- [Exercise brief] From the data that follows, print exactly the lines starting at the one containing "develop professional n8n" and ending at the one containing "Karl Lagerfeld KLHCP14MSLKHLP"; include both of them and nothing more.

- [Extracted records]
◇ ◇ ◇ ◇ ◇

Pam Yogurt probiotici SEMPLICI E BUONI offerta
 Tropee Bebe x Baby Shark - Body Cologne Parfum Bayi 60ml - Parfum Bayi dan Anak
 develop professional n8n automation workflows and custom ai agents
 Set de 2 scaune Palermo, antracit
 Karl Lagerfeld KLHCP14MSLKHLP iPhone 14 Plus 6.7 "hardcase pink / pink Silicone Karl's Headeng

◇ ◇ ◇ ◇ ◇

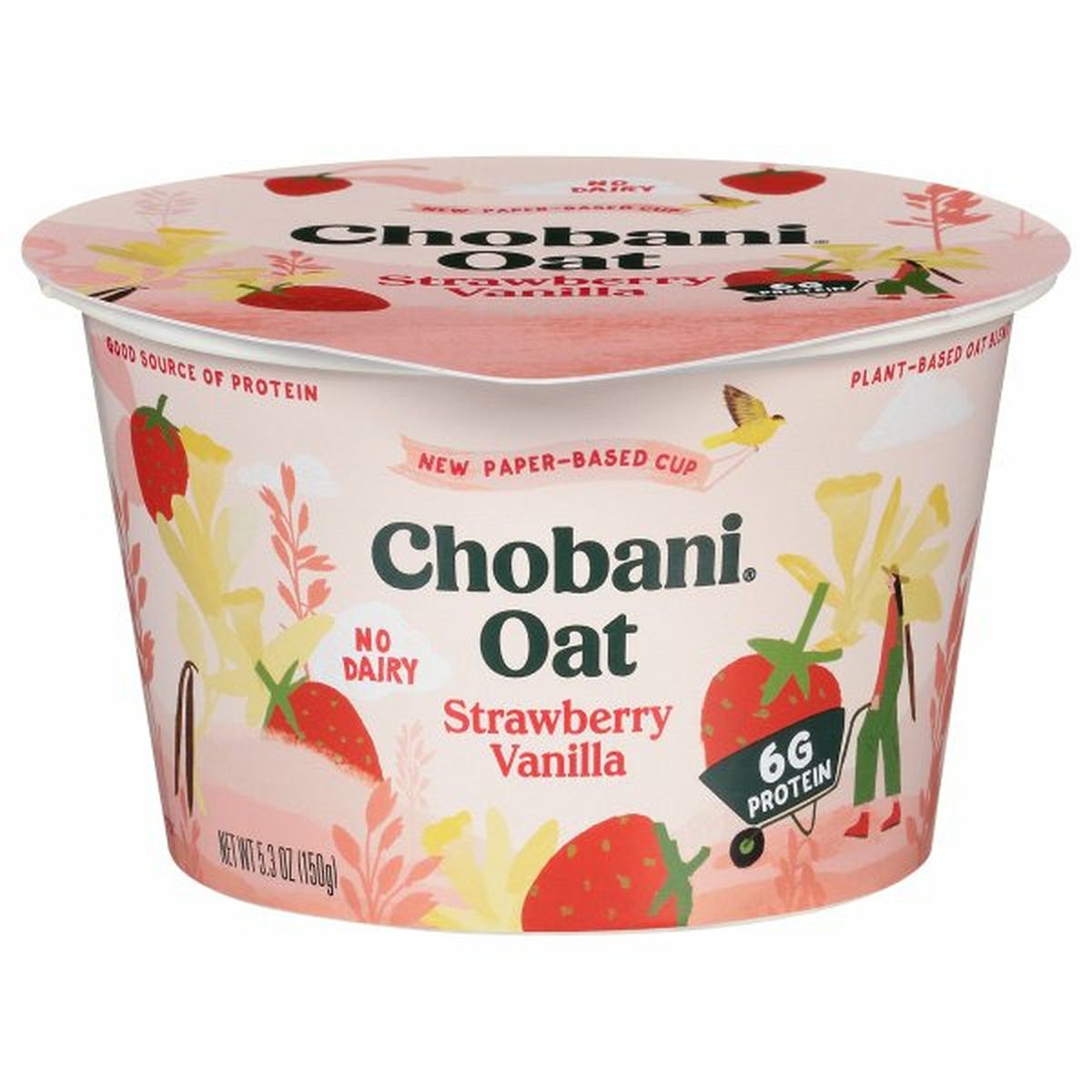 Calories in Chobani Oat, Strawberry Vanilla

◇ ◇ ◇ ◇ ◇

- [Exercise result]
 develop professional n8n automation workflows and custom ai agents
 Set de 2 scaune Palermo, antracit
 Karl Lagerfeld KLHCP14MSLKHLP iPhone 14 Plus 6.7 "hardcase pink / pink Silicone Karl's Headeng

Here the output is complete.